Senior Sports Reporter

bstubbs@tribunemedia.net

SINCE the introduction of their ‘Day in the Life of an Athlete’ programme in 2003, Anna Legniani said they’ve been able to showcase some of the best talent around the world.

Prior to the staging of the inaugural World Relays at the Thomas A Robinson National Stadium May 24-25 and the 2016 Olympic Games in Rio de Janeiro, the IAAF decided to focus on the Caribbean and South and Central American region and some of the athletes who will be on display.

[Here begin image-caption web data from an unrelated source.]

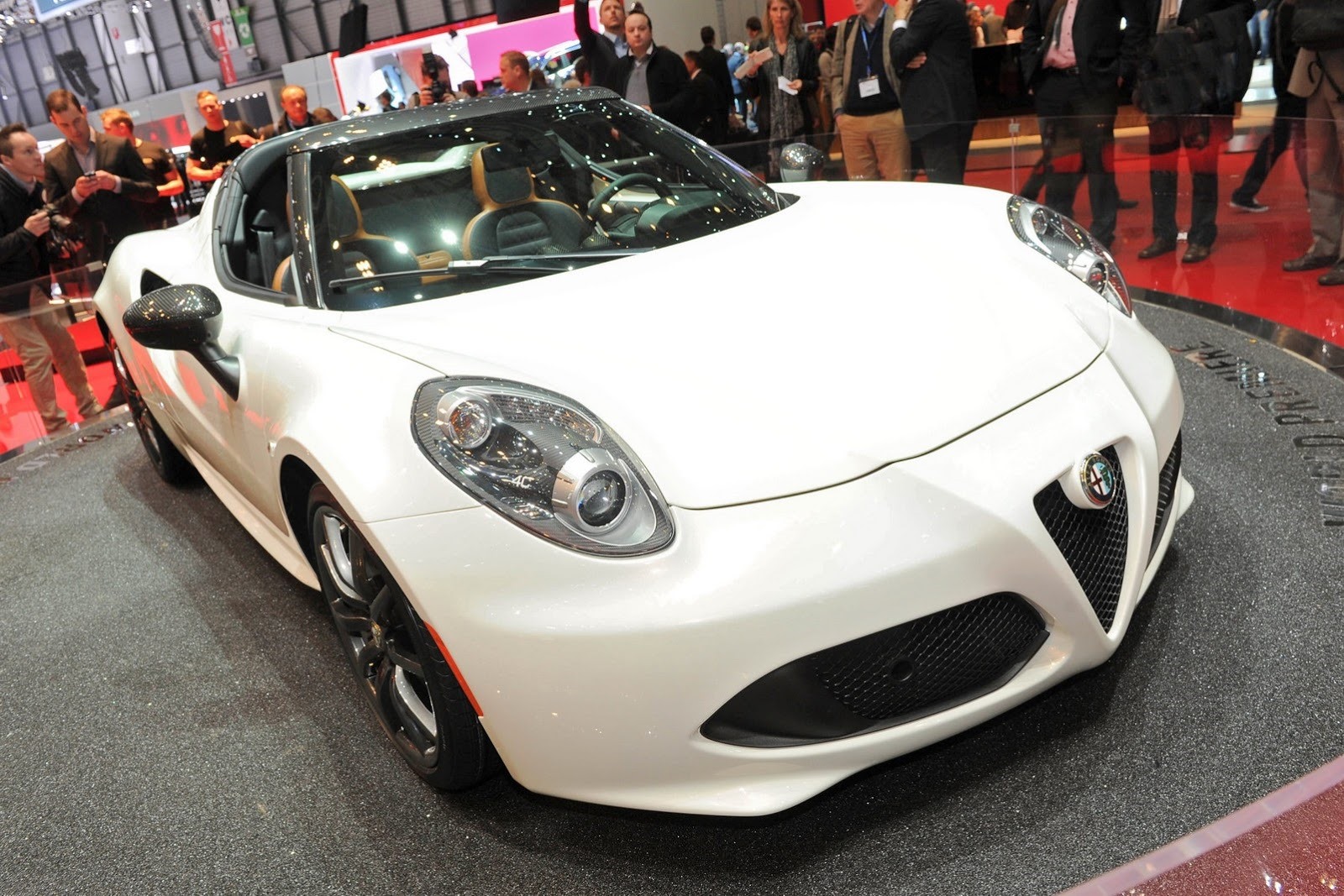 [Alfa-4C-headlights-1%255B3%255D.jpg]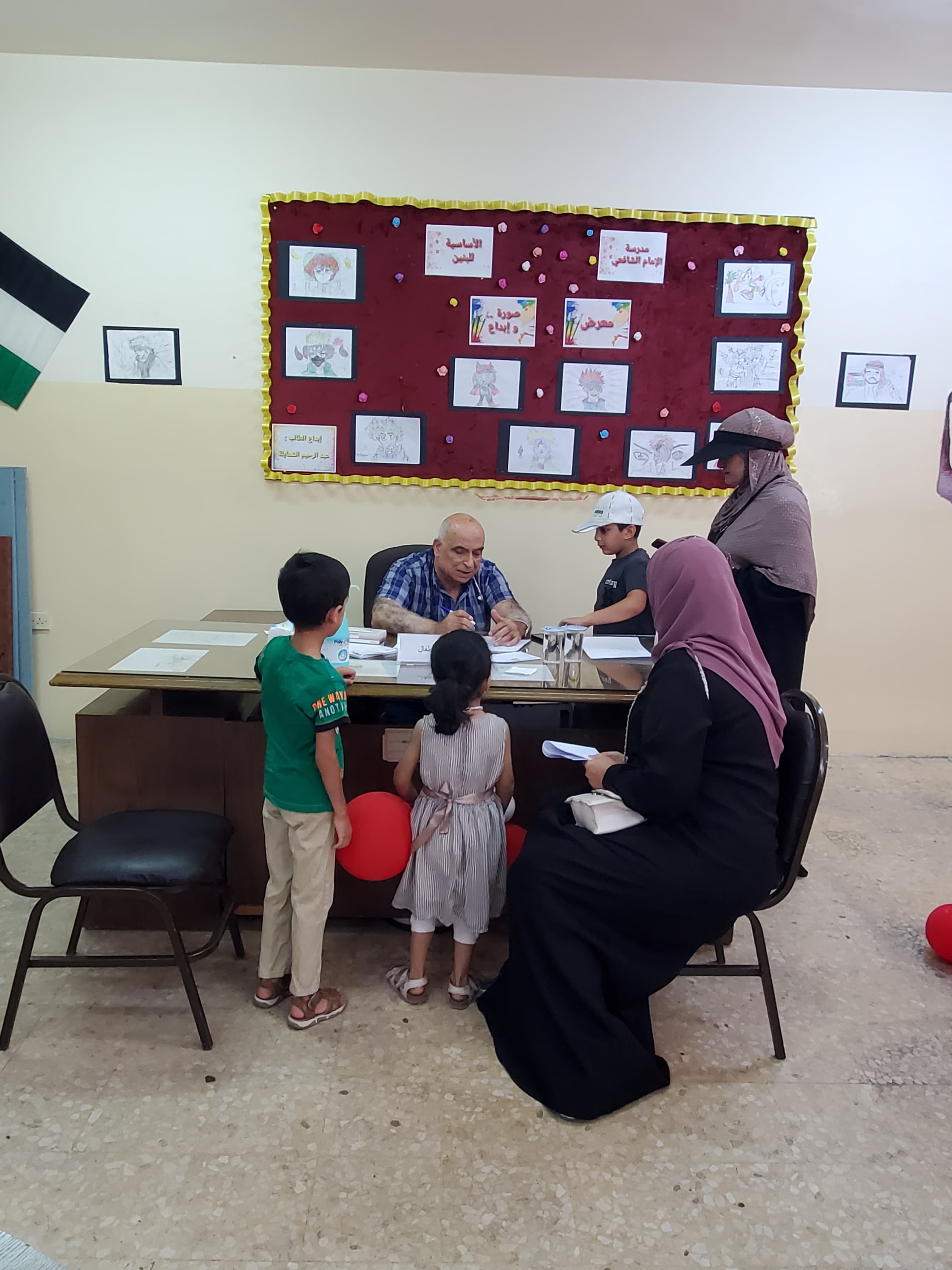 مستشفى المقاصد الخيرية يعالج 781 مريضا في يوم طبي مجاني بالعاصمة عمان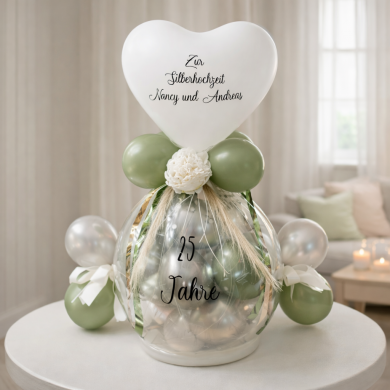 Geschenkballon zur Silberhochzeit in Eukalyptus und Silber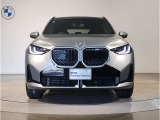 【BMWの伝統】BMWの特徴的な&ldquo;キドニーグリル&rdquo;は、80年以上続く伝統の形でございます。変わらないこだわりのデザインが、プレミアムブランド&ldquo;BMW&rdquo;を創り出します。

A week ago, the first leg got started in Jamaica where the IAAF took a small group of journalists to meet up close and personal athletes like Yohan Blake, Warren Weir and Shelly-Ann Fraser-Pryce.

At the same time while they were in Jamaica, Legniani said they got a chance to view the popular Boys Championships that took place at the National Stadium in Kingston.

This week, the second leg of the Caribbean tour before the World Relays will be in the Bahamas.

The trips to the various countries will also allow the journalists to not only interview the athletes on and off the track, but also former Olympic champions and medallists and officials as they focus on highlighting the sport and its future in each country.

Starting today, the journalists will be arriving in town and will spend the next two days interviewing Chris ‘Fireman’ Brown, Tonique Williams, IAAF councilwoman Pauline Davis-Thompson, the Bahamas Association of Athletic Association, the Bahamas Olympic Committee and the Local Organizing Committee for the World Relays.

While the journalists missed the opportunity to view the BAAAs final Carifta trials over the weekend, Legniani said they will get an opportunity to view some of the top stars that will be named to the team headed to Martinique over the Easter holiday weekend during their training sessions.

“We will be working with an amazing young man, who seems to be getting faster and faster at an old age,” said Legniani, of Brown, who ran a personal best time in the men’s 400 metres for the silver medal at the IAAF World Indoor Champions in Sopot, Poland.

“We will also be profiling Tonique as an organiser and as she interacts with her athletes whom she is now training.”

During their visit to Jamaica, the group got to visit Fraser-Pryce at her beauty salon and the boys’ home supported by Blake’s Foundation.

On Wednesday, the group will be heading to Eleuthera where they will spend the next two days with Brown in his hometown of Wemyss Bight before they leave for Puerto Rico on Friday.

During the trip to Puerto Rico, the group will be entertained by 2012 Olympic silver and 2013 World Championship 400m bronze medallist Luguelin Santos of the Dominican Republic before wrapping up the fourth leg in Trinidad & Tobago with Hasely Crawford, the 1996 Olympic 100m champion and Jehue Gordon, the 2013 World 400m hurdles champion, before they both go to the Carifta Games.

“This is really exciting for me because I really wanted to do this last year because it is a fact that the best quarter-milers in the planet come from the region,” Legniani said.

The tour was also expected to include 2011 world 400m champion Kirani James from Grenada, but Legniani said because of his commitments to school in the United States, it was impossible to get all of the logistics worked out in his hometown.

James, the 2012 Olympic champion and 2010 World junior champion who is attending the University of Alabama, is preparing for a clash with reigning American world champion LaShawn Merritt at the Drake Relays April 23-27 in Des Moines, Iowa.

“Some of the best quarter-milers on the planet are from this region, the medallists from the World Championships and the Olympic Games,” she said. “Of course we added the sprinters from Jamaica because we want the people in the region to learn more bout their athletes and to be really proud of them.”

As a former sports writer from Germany, Stefan Phies, who is working along with Legniani in the media services for the World Relays, said it’s an unique programme and that is why they consider her as the “mother” of sports journalism around the world.

“My collegiate in the whole world are thankful to Anna for running a programme like this,” he said. “You won’t find anything like this in any other sport.”